No, sweetie, I'm just going to do my regular workout had Diane snort derisively. Huh! I don't think my workouts will take that long, so I tried to reassure my cara spoza &mdash It's DDR3, I think, I soothed, so after I do my workout and Rock Lobster, I'll get right back to work ... unless it's DDR4, then I'm going to do Waka Laka. Her nonchalance was instantly replaced by tender concern:

Please, take care of yourself and take it easy. she requested. I guess my little show-n-tell was still a very present echo in her mind.

As soon as they were out of sight — Bye! the children shouted, Bye! Bye! — I turned back to the house thinking about how I could form a relation between enumerated types and transitive types using Gödel numbering.

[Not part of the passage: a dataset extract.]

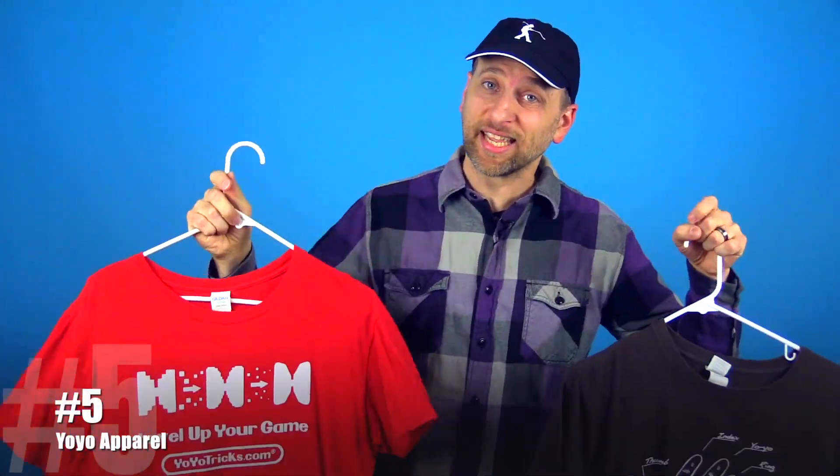Number 5! Let's be honest — at this point, you've got some yoyos, you've been learning tricks, maybe you've got juggling equipment or a hacky sack, you're on Discord talking about yoyos all day. You've become a yoyoer. So you might as well look like one. Get a hat, get a couple shirts — done.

Yup. Just an ordinary day.

Thursday, August 28, 2008

Elena Marie says: "Hello?"

Originally posted November 14, 2004:

Today started out cold and blustery: fall is upon us, no joke. So, it made exercising this morning a more interesting affair, logistically. It doesn't help that it appears our heater is on the fritz (it provides a modicum of heat, but doesn't stay on the requested temperature, so blankets and mufflers are welcome additions to the modern lifestyle). So, I exercised. The bokken, being newly oiled as of yesterday, felt very good during practice.

Today was the slower side of Dance-dance Revolution exercises — the music selection is on a wheel, and going clockwise, one encounters the faster songs (after nine minutes I hit the target calorie burn and was quite ready to stop: only 31 more minutes to go), but today was the counterclockwise direction: I don't hit the target even after 40 minutes. So, this time, I added 5 more minutes, and decided to double the requirement — for each arrow, I would hit the pad twice.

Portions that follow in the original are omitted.